Pointing to the problems of setting up a commission, Rao said an independent land commission outside the government would mean denigrating the elected government and the state cabinet. “Hence, we want the monitoring committee to work under the stewardship of the chief minister. It will also oversee all land-related issues, including the recommendations of Rangarao Committee,” he added.

However, Rao said the final decision on the composition of the proposed committee will be taken by chief minister Rajasekhara Reddy.

The Rangarao Committee has made 104 suggestions, out of which 74 were agreed upon, while nine were found not feasible to implement. The government will make a formal announcement with regard to the remaining 21 recommendations, the minister said.

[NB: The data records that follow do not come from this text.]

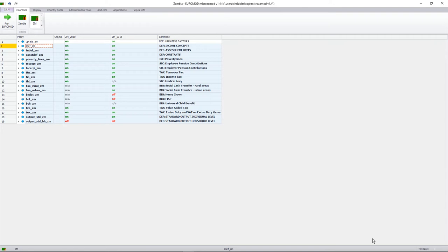Good day. This is the final session in a series of videos on the Zambian tax benefit micro simulation model, MicroZamart. In this session we're simply going to be going through the model and looking at all of the policies in detail.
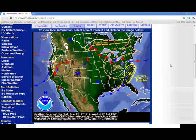Two air masses that are meeting create a front between them. We have warm fronts and cold fronts. Warm fronts are red, and they use semicircles to show the direction that a warm air mass is moving. That's why they call it a warm front — because it's warm air that is moving. Here in the Northern Hemisphere, our warm air comes from the south in general. This red line here is a warm front — notice the semicircles.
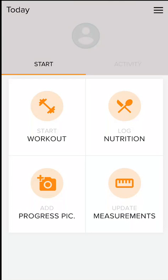Hi everyone, this is Crystal. I just want to give you a quick demo of how the app works should you sign up for the accountability program.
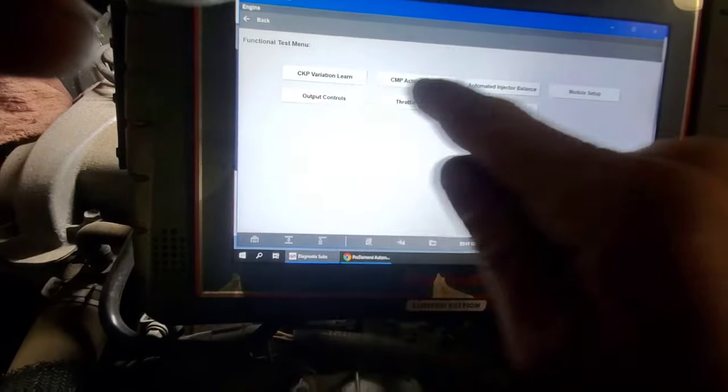Going into exhaust aftertreatment data, then custom data list — looking for secondary injection pressure sensor data.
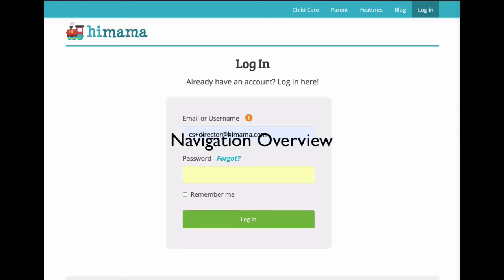To start, let's get logged in on the HiMama website using our email address and the password we set up when we first started with the program.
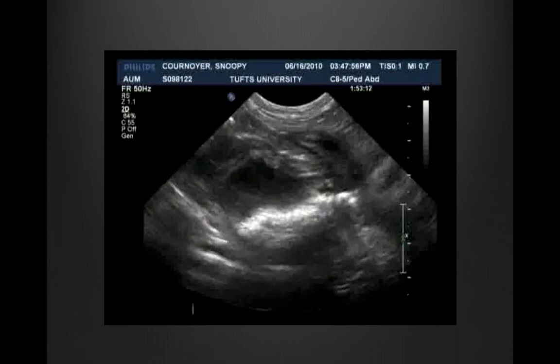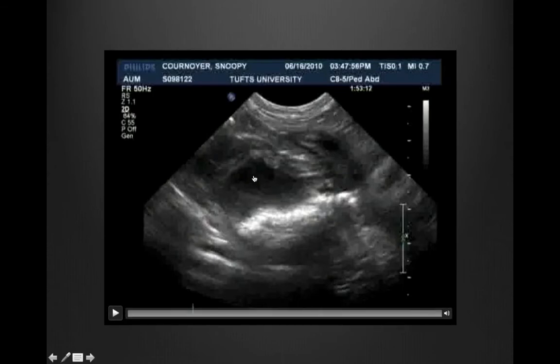This is a relatively brief video. When it starts, we're going to be looking at the urinary bladder — we've got the lumen of the bladder and dependent hyperechoic mineralized debris in the bladder. Then we'll move caudally and we'll see the prostate as well.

“When the main goal for both, the Congress and the Left, is to distribute land to the landless poor, the means to achieving the goal does not matter,” Rao said. He said the government plans to organise regional conferences with revenue officials at Tirupati, Visakhapatanam and Hyderabad during September to discuss all land-related issues, including problems of the tenant farmers.

Giving a new turn to the entire land issue which has been gathering heat, the state government has decided to look into violations of the Agriculture Land Ceiling Act. Officials estimate a few thousand hectares of farm land is being occupied illegally. “Most of this land has been assigned to the weaker sections but is occupied by the upper castes,” officials pointed out. The land has been occupied/bought since 1983 by violating the agriculture ceiling laws. Now such land is under litigation, thus giving an opportunity to illegal occupants to continue with possession of the land, officials said.

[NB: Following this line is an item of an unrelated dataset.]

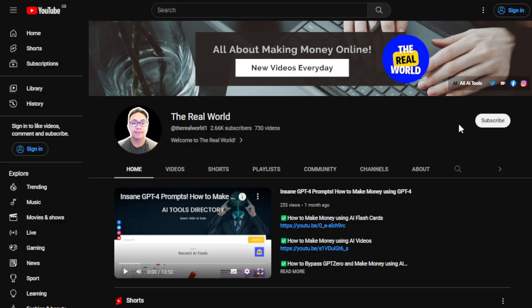That's it for this video, guys. Thank you so much for watching. I'd appreciate if you can hit the subscribe button below to support my channel and for more tips on how to make money online. If you have any AI tools that you'd like reviewed, you can leave them in the comments below. I'll see you guys in the next video.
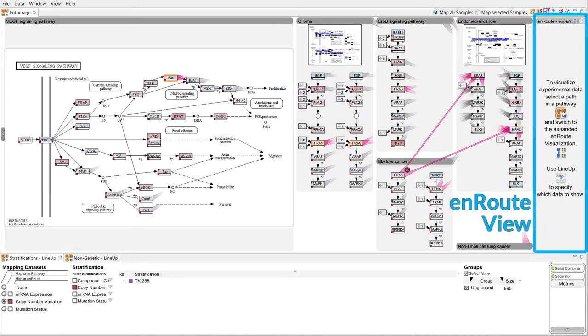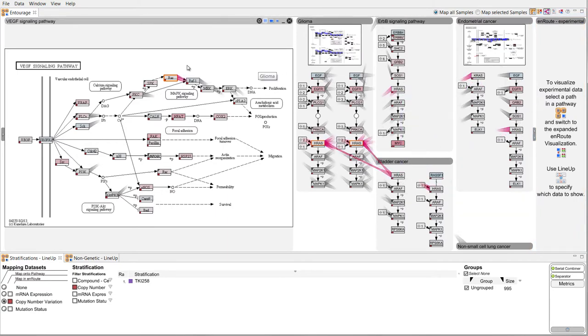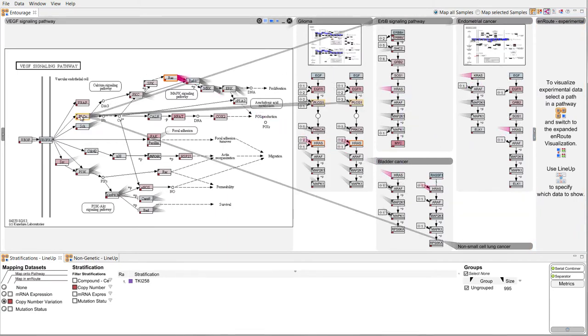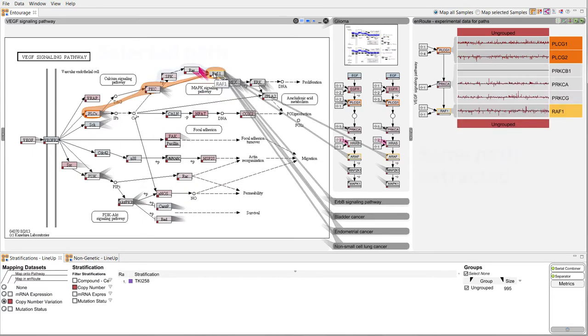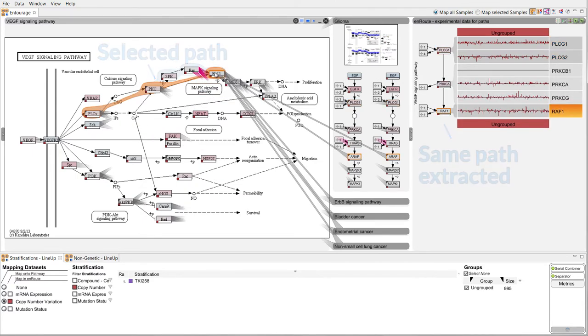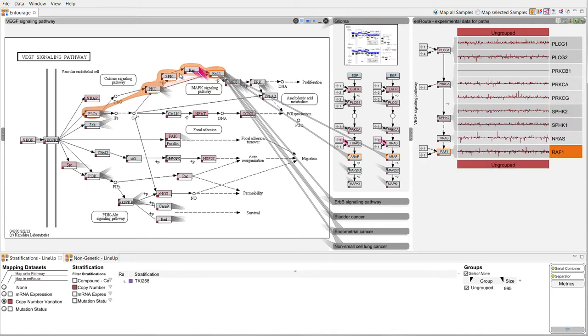A more detailed analysis, a comparison between conditions and the simultaneous analysis of multiple datasets is possible using the en route view. When we select a path it is extracted and shown on the right. When alternative routes between a start and an end node are possible we highlight them in different colors. We can easily switch between the alternatives.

Addressing the joint collectors’ conference a couple of days back, the chief minister had said that media houses and industrialists had acquired agricultural land crossing all legal boundaries. He asked joint collectors/RDOs to be more vigilant on such deals and take corrective measures. The land should be taken back, by all means, from the illegal occupants and restored to the original assignee, Reddy said.

Meanwhile, the AP high court has admitted a writ petition challenging the authority of the government to selectively allot land (around Hyderabad) to business houses without public auction or tendering. Though the bench refused a stay on the action of the government, it said future allotments to private parties by the government would be subject to the final orders on the writ petition.